2. The surrender of a Netherlands national shall not be permitted if that surrender is sought for the purposes of execution of a custodial sentence imposed on him by a final judicial decision.
3. Where surrender is refused solely on the basis of Article 6(2) ..., the public prosecutor shall notify the issuing judicial authority that it is willing to execute the judgment in accordance with the procedure laid down in Article 11 of the Convention on the Transfer of Sentenced Persons [signed in Strasbourg on 21 March 1983] or on the basis of another applicable convention.
4. The Public Prosecutor shall immediately notify our Minister of ... any refusal to surrender under the terms of the declaration, referred to in paragraph 3, that the Netherlands is willing to execute the foreign judgment.
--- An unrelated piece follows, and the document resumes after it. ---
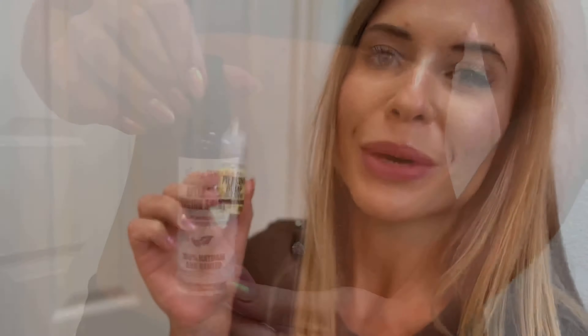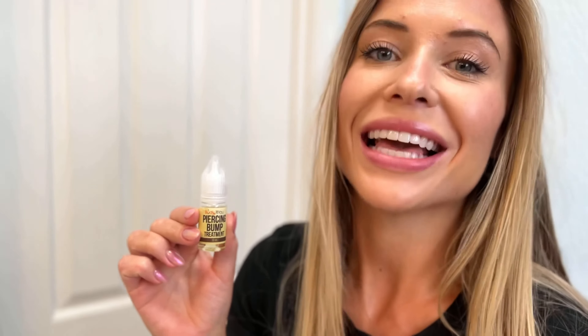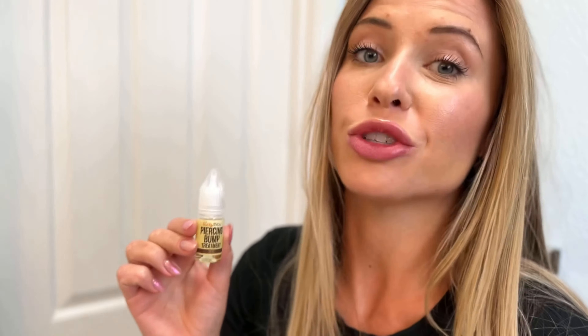The Piercing Aftercare Saline Spray is made with miraculous Mediterranean Sea Salt, making it gentle on your skin while still working to sanitize and prevent infections and bumps from appearing. The goal of this product is to make sure that the piercing is sanitized, reduce healing time, cleanse, and prevent any infections and bumps from appearing. Simply apply a few sprays over the affected area three to six times a day to promote healing and sanitation.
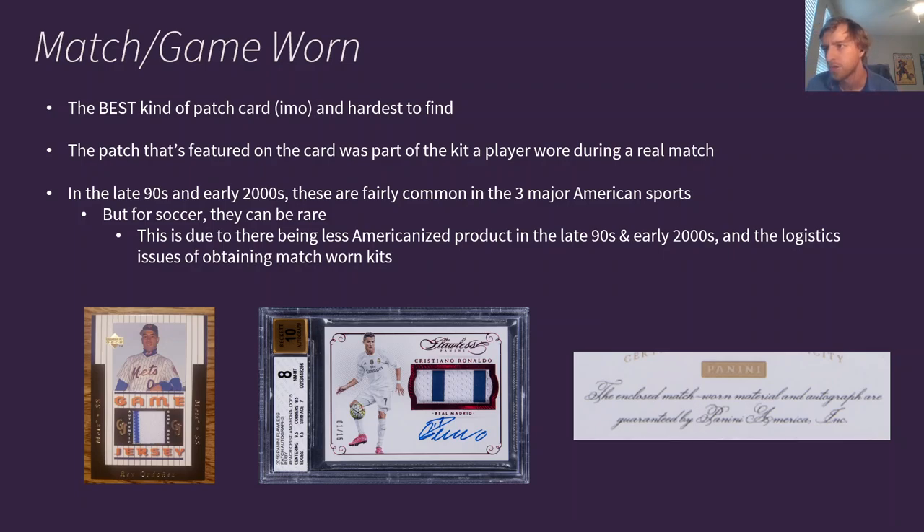Here are examples of those match-worn cards. I have the 1997 Upper Deck one, and then this Ronaldo from Flawless patch autograph. If you look on the back of the card, it says the enclosed match-worn material and autograph are guaranteed by Panini America. So this patch was from either the shorts or the shirt that Ronaldo was wearing during a match. What match exactly we're not sure, but according to Panini it was used in an actual match that was played.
5. Paragraphs 1 to 4 shall also apply to a foreign national in possession of a residence permit of indefinite duration, in so far as he may be prosecuted in the Netherlands for the offences on which the EAW is based and in so far as he can be expected not to forfeit his right of residence in the Netherlands as a result of any sentence or measure which may be imposed on him after surrender.’
The dispute in the main proceedings and the questions referred for a preliminary ruling
8 By judgment of 5 February 2007, which became final on 13 July 2007, the Sąd Rejonowy w Poznaniu (District Court, Poznań) gave Mr Popławski, a Polish national, a one-year suspended prison sentence. By decision of 15 April 2010, that court ordered the enforcement of that custodial sentence.
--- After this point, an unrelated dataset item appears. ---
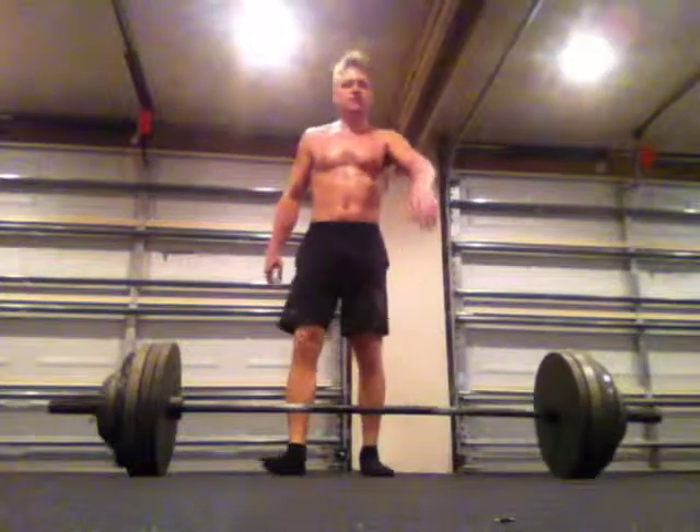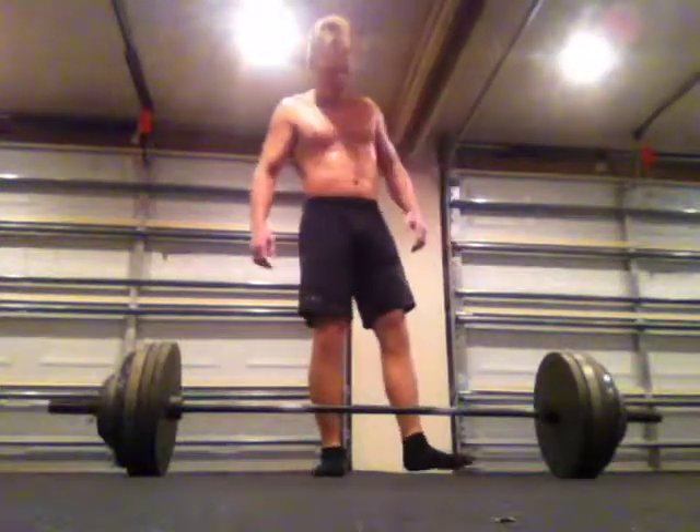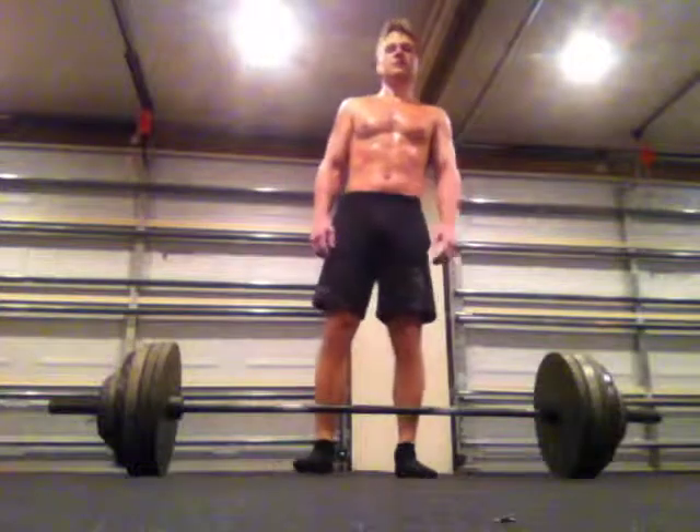This is update number 11 of my 2014 desert training program. Hooked at 485. I have to try this weight again — I tried it last month and wasn't able to get it.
9 On 7 October 2013, that court issued an EAW against Mr Popławski with a view to enforcement of that sentence.
10 In the main proceedings relating to the execution of that EAW, the rechtbank Amsterdam (District Court, Amsterdam, the Netherlands) asks whether it must apply Article 6(2) and (5) of the OLW which provides an optional ground for non-execution of an EAW in favour of, inter alia, persons residing in the Netherlands, as is the case with Mr Popławski.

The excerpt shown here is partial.